Dancer Katie Love
If you’re thinking that pink hair looks familiar, you may have been one of the millions of viewers who tuned in to watch Katie leap her way into the final of BBC talent show So You Think You Can Dance. For those of you who didn’t watch the show, this is no fluffy, Pineapple Studios-type glitterfest. The show demanded months of relentless training, a catalogue of different techniques and a weekly live performance. Exhausting to watch, even if, like me, you spent every episode lying horizontally across the sofa eating Twiglets.
Although she was pipped to the winner’s post by tap dancer Matt Flint, Katie’s creativity and style won her an army of fans and has catapulted her into the world of competitive contemporary dance. I caught up with her over a coffee in Borough Market, to hear her plans for life after that TV show.
Katie tells me she caught the dance bug young, starting classes at the age of two as a way of dealing with her shyness – ‘my parents thought it would be a good way to boost my confidence and get me talking to people.’ She went away to train at musical theatre and dance school Bird College at the age of 16, followed by a brief stint dancing on a cruise ship. ‘It wasn’t the best job’, she says diplomatically.
Faced with the prospect of trying to make herself heard about the noise in London’s notoriously tough creative industry, Katie admits to feeling a bit lost at this point in her career. She started teaching, something she enjoyed but wanted to move beyond. ‘I love teaching, but it’s very easy to get stuck there, especially if you start young. But it did give me the chance to start to choreograph a bit, and gave me access to studio space’.
The dream has always been to start her own company, and that chance came two years ago when Katie was awarded funding from the British Council to set up a Youth in Action project. ‘Over four months I had a big team of under-25s working with me, and we put together a music and contemporary dance show at Stratford Circus. That was my big moment, but of course in the end the funding ran out’.
She admits she was ‘having some downtime and waiting for the next big thing to come along’ when she decided to audition for So You Think You Can Dance. ‘It went a lot better than I thought it would’ she adds modestly. ‘I can’t believe I actually went through the process of it. I’m glad I did it.’
No reservations about putting yourself at the mercy of a TV crew and the great British public?

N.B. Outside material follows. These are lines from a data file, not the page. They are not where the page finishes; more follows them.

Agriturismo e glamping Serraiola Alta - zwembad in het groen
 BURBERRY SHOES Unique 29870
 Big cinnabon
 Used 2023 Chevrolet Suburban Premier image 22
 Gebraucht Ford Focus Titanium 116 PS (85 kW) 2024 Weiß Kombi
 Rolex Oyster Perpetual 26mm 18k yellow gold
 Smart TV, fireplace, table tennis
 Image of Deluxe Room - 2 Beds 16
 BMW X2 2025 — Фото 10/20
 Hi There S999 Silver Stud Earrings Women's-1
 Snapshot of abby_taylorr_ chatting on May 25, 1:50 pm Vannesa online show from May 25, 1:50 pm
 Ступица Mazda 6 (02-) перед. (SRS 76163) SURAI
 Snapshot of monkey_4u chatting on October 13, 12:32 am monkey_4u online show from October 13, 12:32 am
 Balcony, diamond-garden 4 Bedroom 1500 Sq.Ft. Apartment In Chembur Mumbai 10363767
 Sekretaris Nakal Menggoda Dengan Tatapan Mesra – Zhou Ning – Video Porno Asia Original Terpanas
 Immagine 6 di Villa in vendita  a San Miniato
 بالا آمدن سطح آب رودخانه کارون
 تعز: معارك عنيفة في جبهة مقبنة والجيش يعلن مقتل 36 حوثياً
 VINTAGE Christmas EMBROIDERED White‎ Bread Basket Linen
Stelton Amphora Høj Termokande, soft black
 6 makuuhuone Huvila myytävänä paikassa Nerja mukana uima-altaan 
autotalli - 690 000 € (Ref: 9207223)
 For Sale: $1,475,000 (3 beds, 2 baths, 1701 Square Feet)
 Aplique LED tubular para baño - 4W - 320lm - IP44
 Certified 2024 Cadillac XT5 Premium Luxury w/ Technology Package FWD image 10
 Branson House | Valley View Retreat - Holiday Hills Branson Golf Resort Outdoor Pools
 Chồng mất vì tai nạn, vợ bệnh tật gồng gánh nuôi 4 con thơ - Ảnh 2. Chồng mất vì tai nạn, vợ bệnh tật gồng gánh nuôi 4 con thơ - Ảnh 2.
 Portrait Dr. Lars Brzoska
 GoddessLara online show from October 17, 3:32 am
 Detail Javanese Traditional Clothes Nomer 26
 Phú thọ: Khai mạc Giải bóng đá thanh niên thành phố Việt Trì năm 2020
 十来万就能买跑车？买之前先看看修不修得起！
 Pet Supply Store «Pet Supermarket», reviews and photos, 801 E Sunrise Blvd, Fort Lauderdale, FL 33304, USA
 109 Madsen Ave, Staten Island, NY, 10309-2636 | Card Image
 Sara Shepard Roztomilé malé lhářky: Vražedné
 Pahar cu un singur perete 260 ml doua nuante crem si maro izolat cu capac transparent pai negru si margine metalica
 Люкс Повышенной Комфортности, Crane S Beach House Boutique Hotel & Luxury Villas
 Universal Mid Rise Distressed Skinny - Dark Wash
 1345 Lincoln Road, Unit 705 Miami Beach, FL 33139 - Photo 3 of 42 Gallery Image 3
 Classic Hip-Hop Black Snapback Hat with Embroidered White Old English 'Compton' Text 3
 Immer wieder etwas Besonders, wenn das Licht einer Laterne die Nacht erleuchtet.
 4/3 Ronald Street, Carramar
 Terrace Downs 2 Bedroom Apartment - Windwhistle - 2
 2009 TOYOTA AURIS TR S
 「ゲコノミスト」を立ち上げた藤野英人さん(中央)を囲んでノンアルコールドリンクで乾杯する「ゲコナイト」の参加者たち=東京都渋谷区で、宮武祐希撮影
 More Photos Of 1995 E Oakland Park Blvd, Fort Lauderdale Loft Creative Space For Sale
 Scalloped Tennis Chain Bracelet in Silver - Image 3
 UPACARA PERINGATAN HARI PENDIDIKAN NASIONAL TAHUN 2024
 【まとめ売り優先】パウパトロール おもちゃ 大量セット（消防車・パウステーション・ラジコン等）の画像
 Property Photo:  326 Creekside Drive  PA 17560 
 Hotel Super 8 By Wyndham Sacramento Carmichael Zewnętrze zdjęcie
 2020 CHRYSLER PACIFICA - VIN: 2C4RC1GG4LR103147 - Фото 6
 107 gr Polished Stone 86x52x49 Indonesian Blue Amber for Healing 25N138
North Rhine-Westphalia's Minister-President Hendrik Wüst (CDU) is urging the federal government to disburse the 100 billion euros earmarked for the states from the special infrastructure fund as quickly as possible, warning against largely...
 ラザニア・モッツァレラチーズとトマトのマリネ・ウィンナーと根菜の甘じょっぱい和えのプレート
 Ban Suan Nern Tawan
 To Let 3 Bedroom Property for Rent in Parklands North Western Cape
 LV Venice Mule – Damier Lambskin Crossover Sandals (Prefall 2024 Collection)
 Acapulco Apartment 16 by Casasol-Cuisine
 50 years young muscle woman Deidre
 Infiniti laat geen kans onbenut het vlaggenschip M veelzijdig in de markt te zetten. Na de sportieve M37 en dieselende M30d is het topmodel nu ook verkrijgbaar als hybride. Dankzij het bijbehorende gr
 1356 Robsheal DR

‘To be honest, my only reservation was that it would be a complete waste of time. Is it worth putting your life on hold? But I was always a big fan of the American show, and had been waiting for it to come to the UK.’
While many talent show contestants visibly crumble as the pressure takes its toll, Katie remained consistently upbeat, down to earth and seemed genuinely happy to be there.
‘I think I thrived actually,’ she says. ‘I loved the whole thing. I really enjoyed being around the whole production of it – I think it made me even more determined to do my own thing. Meeting all these different people has been amazing.’
Chatting about plans for the future, we spend a happy ten minutes imagining that the grumpy man sitting with his back to us is actually Richard Branson, and that he’s going to turn round any moment and offer Katie a million pound investment in her next project.
‘If I had that much money, I’d open my own theatre’ she says immediately. ‘It would be a quirky arts venue, a multifunctional space with an on-site training facility and an in-house company, across the spectrum of the arts.’ Would there be cake? I ask.
‘Of course there would be cake! There would be a whole restaurant. That’s my other passion actually, food. I’m a big cake fan, I love to bake’.
Cake-themed chat soon brings the conversation round to our current location. ‘I love Borough Market’ Katie sighs. ‘I could happily sit around here for the rest of my life and not get bored as long as I had some money in my pocket to buy some nice coffee.’
If you were tempted away from Borough Market, where would you go? ‘I love the South Bank, the National Theatre is amazing. I love the West End… I like walking the streets of London. It’s busy, it’s fast paced, but if you’re not in a hurry you can really enjoy it. That’s the biggest problem in a way – London is filled with so many hot-headed commuters who just miss the point because they jump on the Tube and don’t look around.’
Is it a good place to be as a dancer? I ask.
‘It is tough because it’s so expensive. If you’re an actor or a dancer, there are so many studios here but it costs so much to do a class. That’s why I want my own training facility, where it’s a little bit more open.’
Richard Branson, if you’re reading this – how about it?